WORK REQUIRED
Transcribe the data below verbatim from the line with "luxe bartafel met barkrukken in grijze stof" to the line with "New 2026 Audi". Include both of those lines.

RECORDED DATA
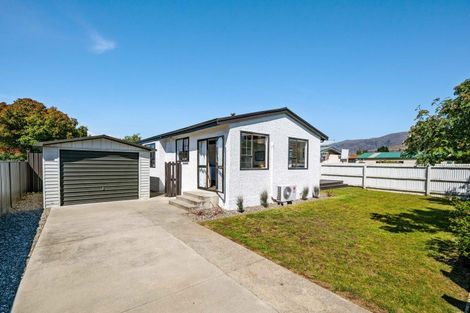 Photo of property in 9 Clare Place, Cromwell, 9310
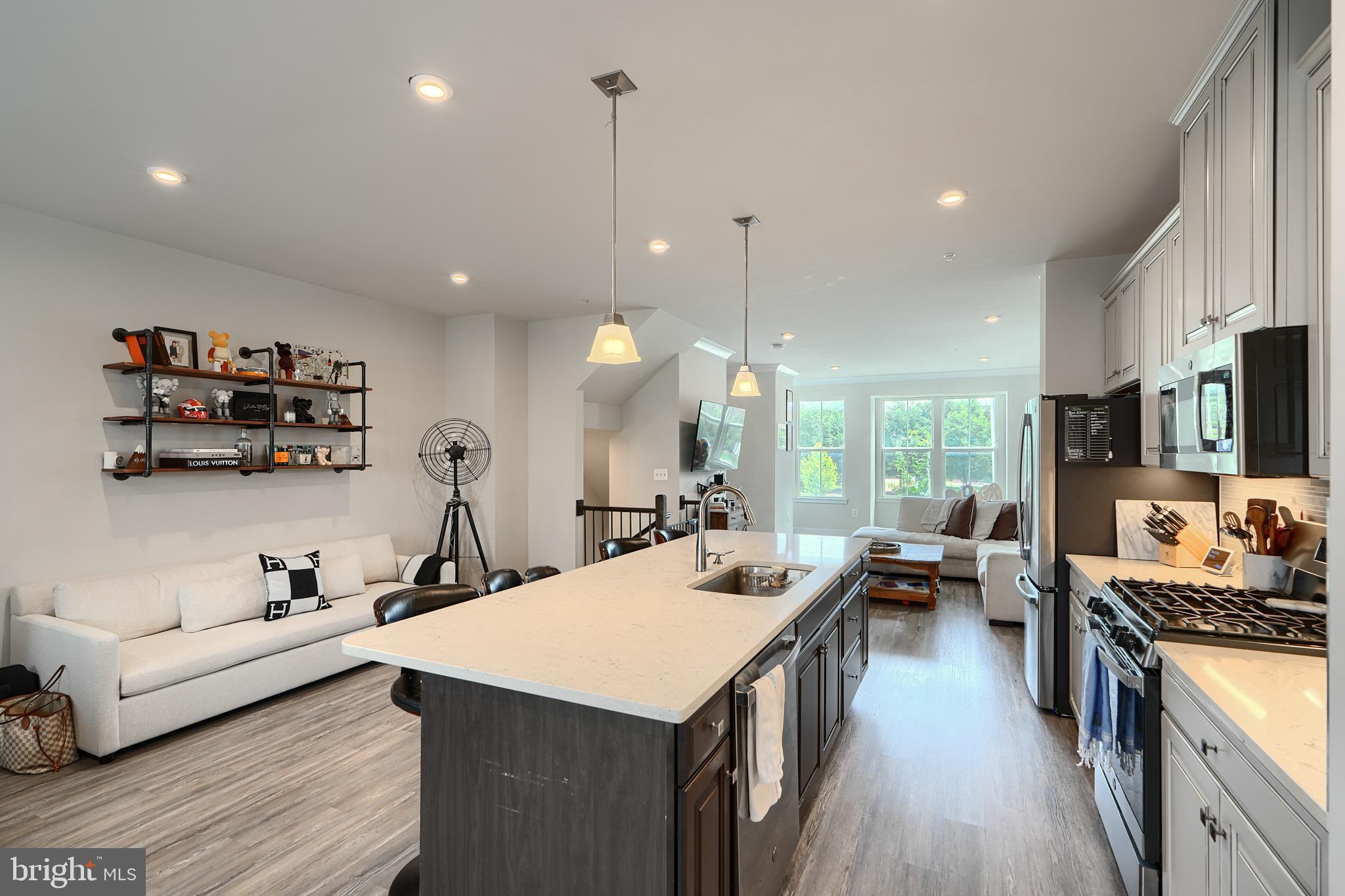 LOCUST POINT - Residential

...

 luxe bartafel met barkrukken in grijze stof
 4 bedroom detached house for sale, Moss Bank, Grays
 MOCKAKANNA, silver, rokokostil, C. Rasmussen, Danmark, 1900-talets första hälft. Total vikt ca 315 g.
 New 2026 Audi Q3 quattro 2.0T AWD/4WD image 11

* * *

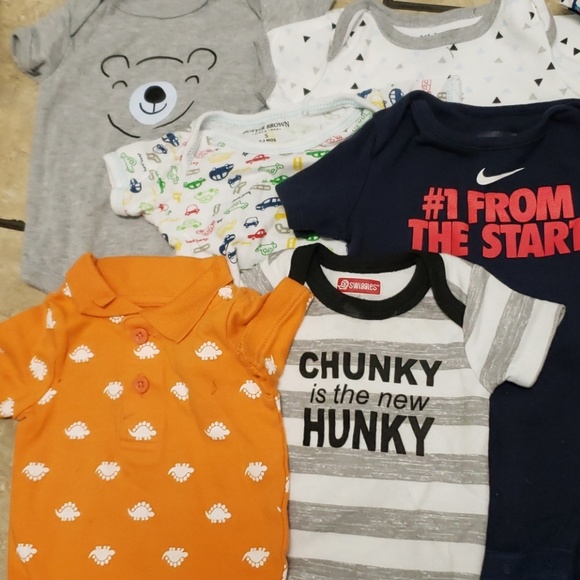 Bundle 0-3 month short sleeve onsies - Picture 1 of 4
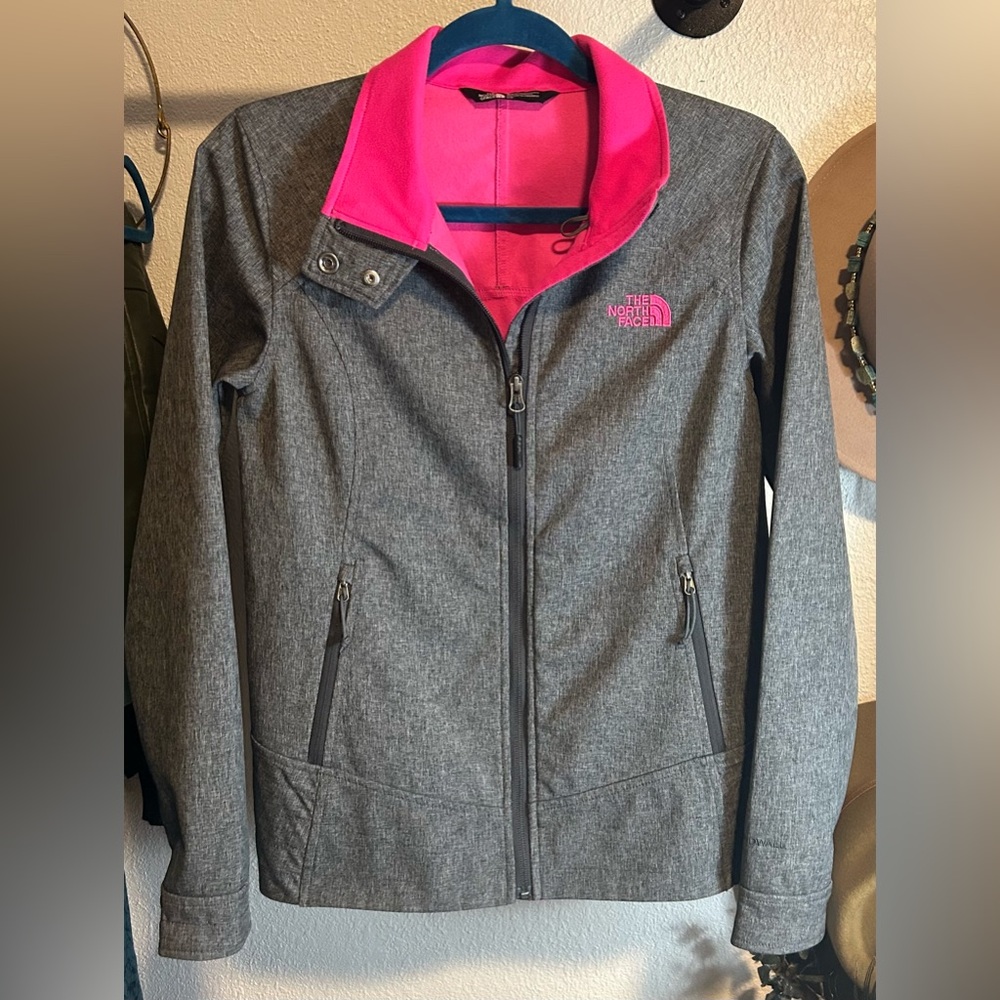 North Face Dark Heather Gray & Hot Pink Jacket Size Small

WRITTEN RESPONSE
 luxe bartafel met barkrukken in grijze stof
 4 bedroom detached house for sale, Moss Bank, Grays
 MOCKAKANNA, silver, rokokostil, C. Rasmussen, Danmark, 1900-talets första hälft. Total vikt ca 315 g.
 New 2026 Audi Q3 quattro 2.0T AWD/4WD image 11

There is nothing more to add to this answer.